The U.S. government began restricting advanced semiconductor exports to China in October 2022, with rules tightening in October 2023. These controls specifically targeted the computing performance thresholds of AI training chips, forcing Nvidia to develop intentionally downgraded versions for the Chinese market. The last major iteration, the H20 chip, launched in late 2023 but reportedly faced lackluster demand against domestic alternatives. The current macro backdrop features sustained geopolitical friction and a U.S. 10-year Treasury yield above 4.3%, pressuring growth equity valuations. The trigger for Huang's statement is likely the maturation of Huawei's Ascend AI processor series, which Chinese cloud providers like Alibaba and Tencent are now deploying at scale.
U.S. export controls created a protected environment for Huawei's chip design unit, HiSilicon, to iterate without direct competition from Nvidia's highest-performance products. Chinese policy directives, including "xinchuang" or IT infrastructure substitution, mandated state-owned enterprises and government bodies to prioritize domestic hardware. This provided Huawei with a guaranteed, multi-billion dollar customer base for its Ascend 910B and subsequent chips. The combination of regulatory barriers and policy support allowed Huawei to close a once-significant technology gap, reaching a point where Nvidia's competitively constrained offerings no longer justified a major resource commitment.

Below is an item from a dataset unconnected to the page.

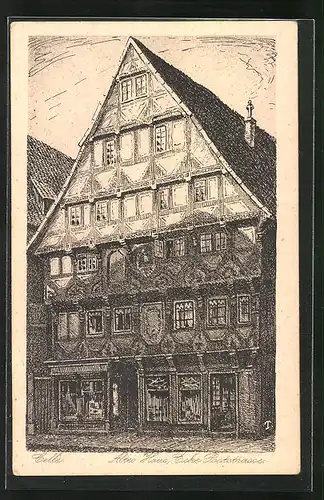 AK Celle, Ecke Poststrasse, Altes Haus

Nvidia's data center revenue from China plummeted from an estimated $7 billion annually prior to the 2022 controls to roughly $1.2 billion in its most recent fiscal year. The company's overall data center revenue grew to over $90 billion annually, meaning the Chinese contribution now represents just over 1% of that segment, down from approximately 25%. Huawei's share of the Chinese AI accelerator market surged from less than 10% in 2022 to over 60% by the end of 2025. This contrasts with the broader Philadelphia Semiconductor Index (SOX), which is up 12% year-to-date, while Nvidia's stock has gained just 0.5% over the same period.
| Metric | Pre-2022 Controls (Est.) | Current (2026) |
|---|---|---|
| Nvidia China AI Chip Rev. | ~$7B | ~$1.2B |
| Huawei China Market Share | <10% | >60% |
The concession impacts a total addressable market for AI training and inference chips in China valued at over $12 billion for 2026. Nvidia's global market capitalization remains above $5.5 trillion, but its price-to-earnings ratio has compressed to 28x from over 40x a year ago, reflecting growth concerns in key markets.
The primary beneficiary is Huawei's ecosystem, including suppliers like SMIC (0981.HK), which fabricates the Ascend chips on its 7nm-class N+2 process. Chinese cloud providers Alibaba (BABA) and Tencent (0700.HK) may see margin pressure in the short term as they adapt to domestic hardware but gain long-term insulation from U.S. supply chain risks. Second-order losers include U.S. semiconductor capital equipment firms like Applied Materials (AMAT) and Lam Research (LRCX), which are barred from selling advanced tools to Chinese fabs like SMIC, capping their total addressable market growth.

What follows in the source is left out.